For this exercise, output the entries below exactly from the line that holds "贵州: 电能替代与乡村微网 助推绿色能源变革-第3张图片" to the line that holds "KMHCN4AC5BU613818 - 2011", both ends included. No pictures belong in the copy.

=== DATA TO USE ===
>>>
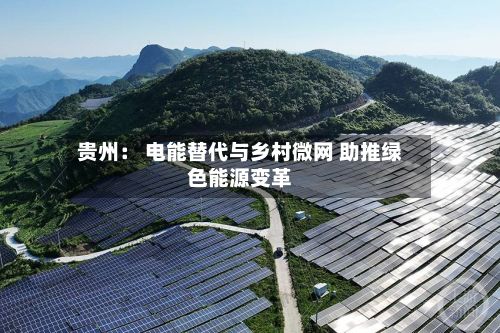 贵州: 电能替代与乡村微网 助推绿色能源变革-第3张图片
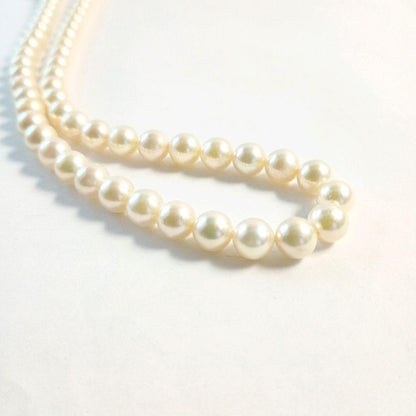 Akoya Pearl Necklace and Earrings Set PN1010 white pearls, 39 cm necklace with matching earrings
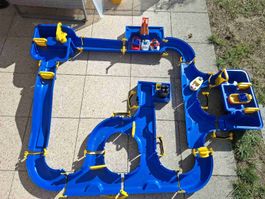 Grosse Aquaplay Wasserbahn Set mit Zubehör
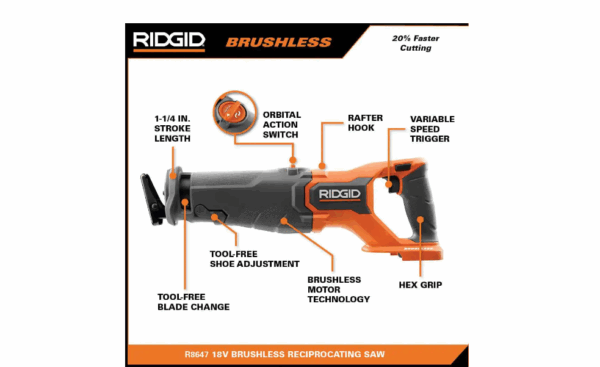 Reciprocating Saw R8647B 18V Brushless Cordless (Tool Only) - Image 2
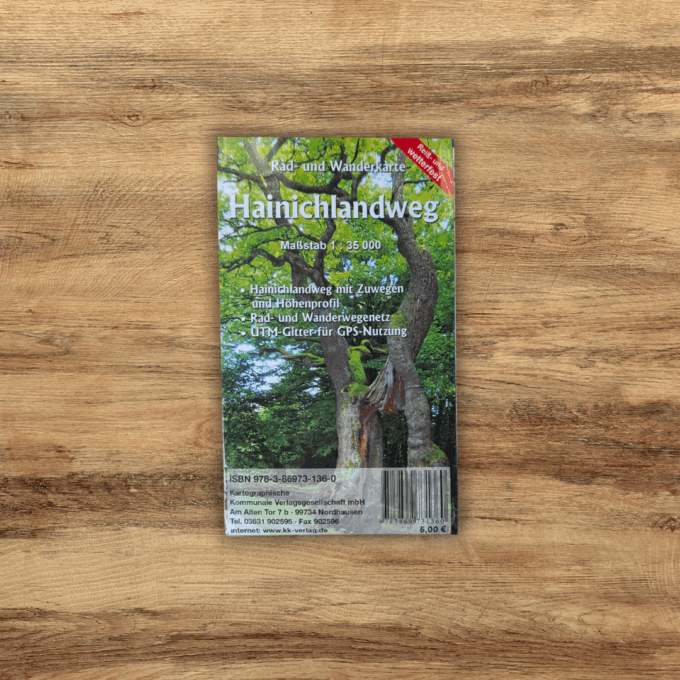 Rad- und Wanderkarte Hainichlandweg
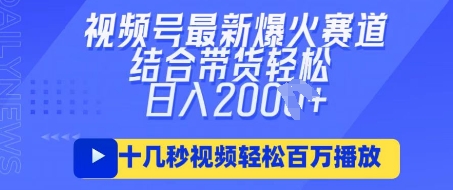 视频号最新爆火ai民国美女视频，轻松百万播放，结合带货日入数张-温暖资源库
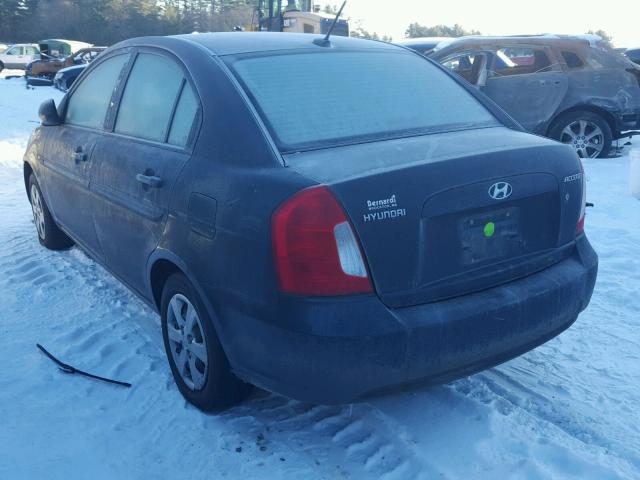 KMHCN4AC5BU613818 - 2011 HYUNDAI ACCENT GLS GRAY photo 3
<<<
>>>
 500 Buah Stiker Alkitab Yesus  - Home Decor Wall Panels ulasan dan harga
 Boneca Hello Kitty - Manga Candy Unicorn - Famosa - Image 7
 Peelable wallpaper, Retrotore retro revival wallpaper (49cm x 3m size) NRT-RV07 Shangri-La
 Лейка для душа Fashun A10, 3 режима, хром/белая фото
<<<
=== EXERCISE SOLUTION ===
 贵州: 电能替代与乡村微网 助推绿色能源变革-第3张图片
 Akoya Pearl Necklace and Earrings Set PN1010 white pearls, 39 cm necklace with matching earrings
 Grosse Aquaplay Wasserbahn Set mit Zubehör
 Reciprocating Saw R8647B 18V Brushless Cordless (Tool Only) - Image 2
 Rad- und Wanderkarte Hainichlandweg
 视频号最新爆火ai民国美女视频，轻松百万播放，结合带货日入数张-温暖资源库
 KMHCN4AC5BU613818 - 2011 HYUNDAI ACCENT GLS GRAY photo 3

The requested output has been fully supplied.